0

I have a table containing about 5 million records and a GIN index on Barcodes column.

I have this query:

SELECT T1.*
  FROM public."Skus" AS T1
 WHERE (T1."Barcodes" && '{ "THE_BARCODE" }')
 LIMIT 11;

It takes very long (seconds) and the explain shows me the db is constantly running a seq scan.

Now, if I omit the LIMIT:

SELECT T1.*
  FROM public."Skus" AS T1
 WHERE (T1."Barcodes" && '{ "THE_BARCODE" }');

it takes only a few milliseconds and the explain shows me an index scan.

Why? How to avoid/overcome this?

Note: queries are dynamically generated by application, so isn't easy to remove the `LIMIT' (and sometimes it is even necessary).

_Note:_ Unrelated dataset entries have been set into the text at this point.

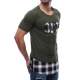 Madmext Printed Khaki T-Shirt 2576 - Haki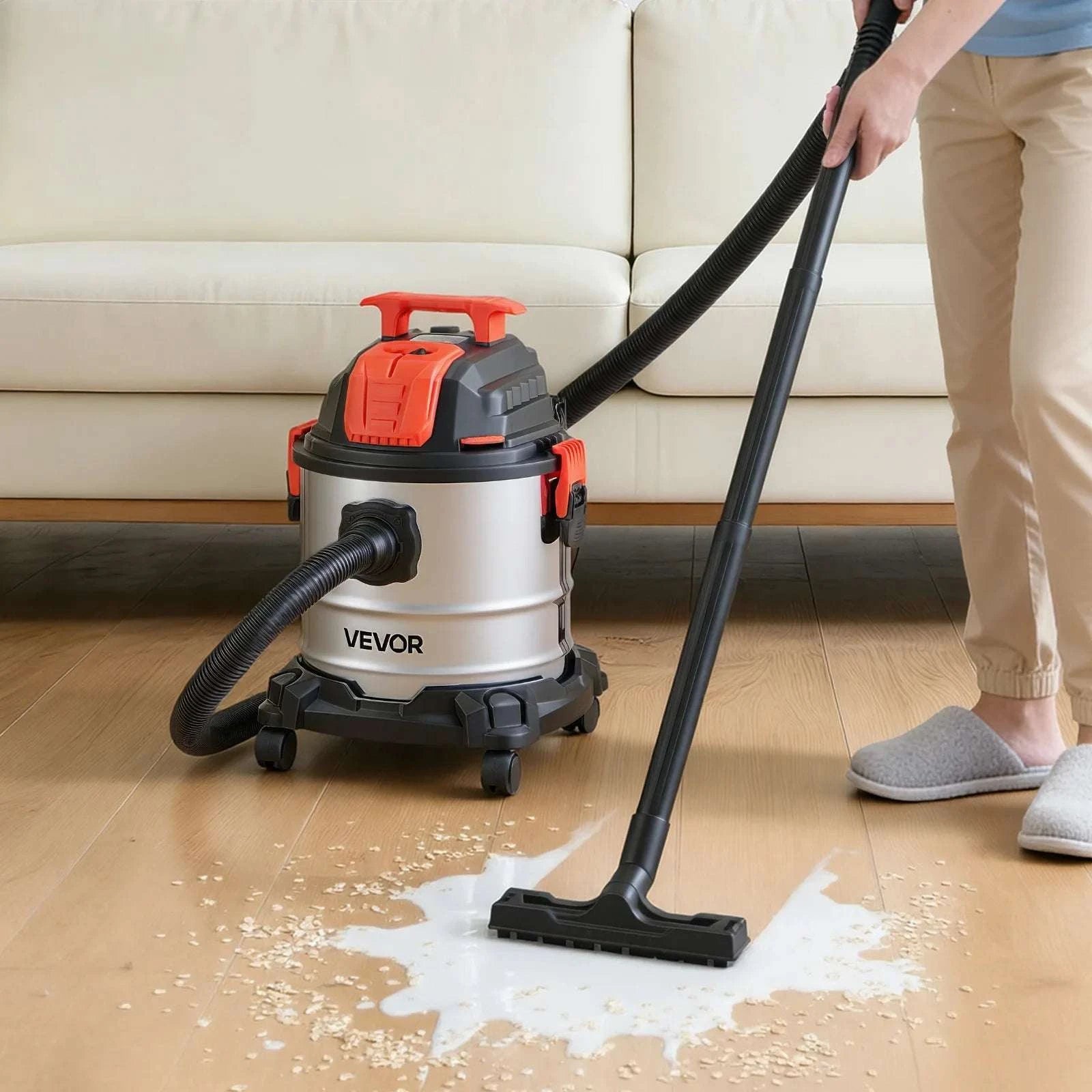 5.8 Gallon Wet Dry Shop Vacuum with Self-Cleaning Filter, 4 HP-United States / Orange Black Silver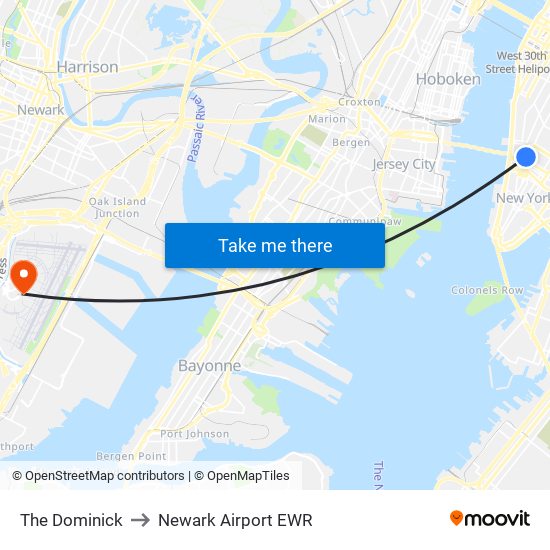 The Dominick to Newark Airport EWR map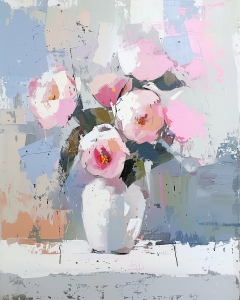 Roses Roses dans un Vase Blanc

Additional information as specified at: https://wiki.postgresql.org/wiki/Slow_Query_Questions

Postgres version

SELECT version();

gives

PostgreSQL 14.7 on x86_64-pc-linux-gnu, compiled by gcc (Ubuntu 7.5.0-3ubuntu1~18.04) 7.5.0, 64-bit

Operating system+version

Azure Database for PostgreSQL flexible server

Full Table and Index Schema

CREATE TABLE IF NOT EXISTS public."Skus"
(
    "Id" text COLLATE pg_catalog."default" NOT NULL,
    "Style" text COLLATE pg_catalog."default" NOT NULL,
    "ColorId" text COLLATE pg_catalog."default",
    "DropId" text COLLATE pg_catalog."default",
    "SizeId" text COLLATE pg_catalog."default",
    "LotId" text COLLATE pg_catalog."default",
    "Barcodes" text[] COLLATE pg_catalog."default" NOT NULL,
    "AuthorizationTags" text[] COLLATE pg_catalog."default" NOT NULL,
    "CreatedBy" text COLLATE pg_catalog."default" NOT NULL,
    "CreatedOn" timestamp with time zone NOT NULL,
    "UpdatedBy" text COLLATE pg_catalog."default" NOT NULL,
    "UpdatedOn" timestamp with time zone NOT NULL,
    CONSTRAINT "PK_Skus" PRIMARY KEY ("Id")
)

TABLESPACE pg_default;

ALTER TABLE IF EXISTS public."Skus"
    OWNER to azadmin;
-- Index: IX_Skus_Barcodes

-- DROP INDEX IF EXISTS public."IX_Skus_Barcodes";

CREATE INDEX IF NOT EXISTS "IX_Skus_Barcodes"
    ON public."Skus" USING gin
    ("Barcodes" COLLATE pg_catalog."default")
    WITH (fastupdate=True)
    TABLESPACE pg_default;

Table Metadata

About 5 milions rows

SELECT relname, relpages, reltuples, relallvisible, relkind, relnatts, relhassubclass, reloptions, pg_table_size(oid)
  FROM pg_class
 WHERE relname='TABLE_NAME'

gives:

  • relname Skus
  • relpages 198436
  • reltuples 5,13E+12
  • relallvisible 198312
  • relkind r
  • relnatts 12
  • relhassubclass FALSE
  • reloptions
  • pg_table_size 1626071040

Does the table have anything unusual about it?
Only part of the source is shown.